La Guerra de Malvinas de pronto dejó de significar la defensa legítima del espacio vital de un país oprimido, enfrentado a una potencia imperialista y colonialista. Sus mapas y sus recuerdos fueron olvidados y sepultados bajo toneladas de bordes de pizza mordidos y copas engrasadas con lo que quedó del champagne de la fiestita noventosa, según los cánones imperantes del turco’s way of life.
Y con el rock, y con la cultura rock en particular, pasó algo similar que no se notó tanto en los 80’s y 90’s merced a la resistencia underground, pero que sí se nota ahora y sí se notó en el mainstream del rock, aquel rock que se embelesaba con su ombligo virtuoso pero no miraba a los desangelados, como caracterizó el Indio Solari al maremágnum sanguíneo de la juventud conurbana que encontró su sentido de pertenencia lejos de las tertulias intelectuales y las montañas de acordes amontonados en cinco minutos de García y Spinetta.

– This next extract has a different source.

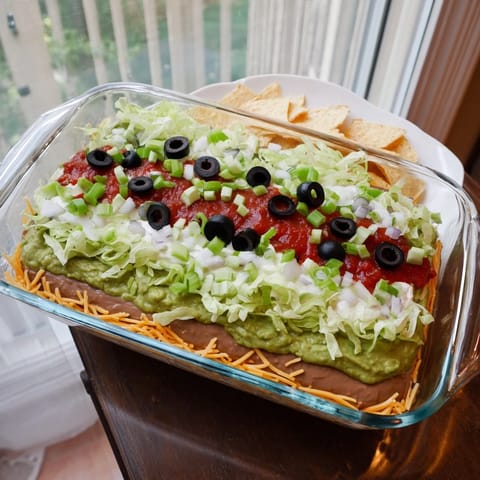 Chilled Seven-Layer Dip featuring guacamole, sour cream, and melted cheese topped with black olives and green onions.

Ese rock de clase media fue el que no supo nunca qué hacer con Malvinas. Fue el que en su día tuvo un orgasmo patriótico durante el Festival de la Solidaridad Latinoamericana y a la mañana siguiente se auto-flageló por culpa con las cuerdas de la guitarra que usó el día anterior. Pendular. Como la pequeña burguesía. Así, Porchetto archivó y desarchivó su «Reina Madre» una y mil veces mientras Gieco le pedía a dios que no le sea indiferente primero ante el conflicto con Chile por el Beagle y después ante la nada misma. Al menos hasta que se volvió a poner de moda en los noventa. Pero también el rock tuvo a Almafuerte y «El visitante» y Attaque 77 y su «2 de abril», dos gritos de guerra inclaudicables, que lejos de victimizar a los héroes, narran su angustia y su lucha con hidalguía y valentía.
El rock es un mensaje joven más no inconsciente. Es rebelde y también revolucionario, que no es lo mismo, porque es la expresión artística contracultural de las necesidades espirituales, materiales e intelectuales de los oprimidos de su tiempo. Atraviesa desde su génesis el dolor de los negros de la Chicago del 50′, el hambre de los hijos de la clase obrera desocupada de Londres 77′ y la lucha de los pueblos libres.
El rock tiene raíces contestatarias. Es contracultural. Dice cosas desde su lírica, de Dylan a Osbourne y desde su imagen, de Warhol a Richard Hell. Tiene una identidad por la cual luchar y a la cual sostener.
Malvinas también.
Comprometida al tiempo y al espacio, la historia de Malvinas es una parte importante del corazón de América Latina y es necesario sostenerla en la memoria y la acción, y una de las maneras de hacerlo es usar la herramienta cultural del rock y su potencia para arraigarla en la memoria colectiva. Si es necesario incorporar Malvinas al rock en Argentina, también es preciso incorporar el espíritu elevado del rock primigenio a la causa Malvinas. Malvinizar el rock argentino y rockerizar Malvinas.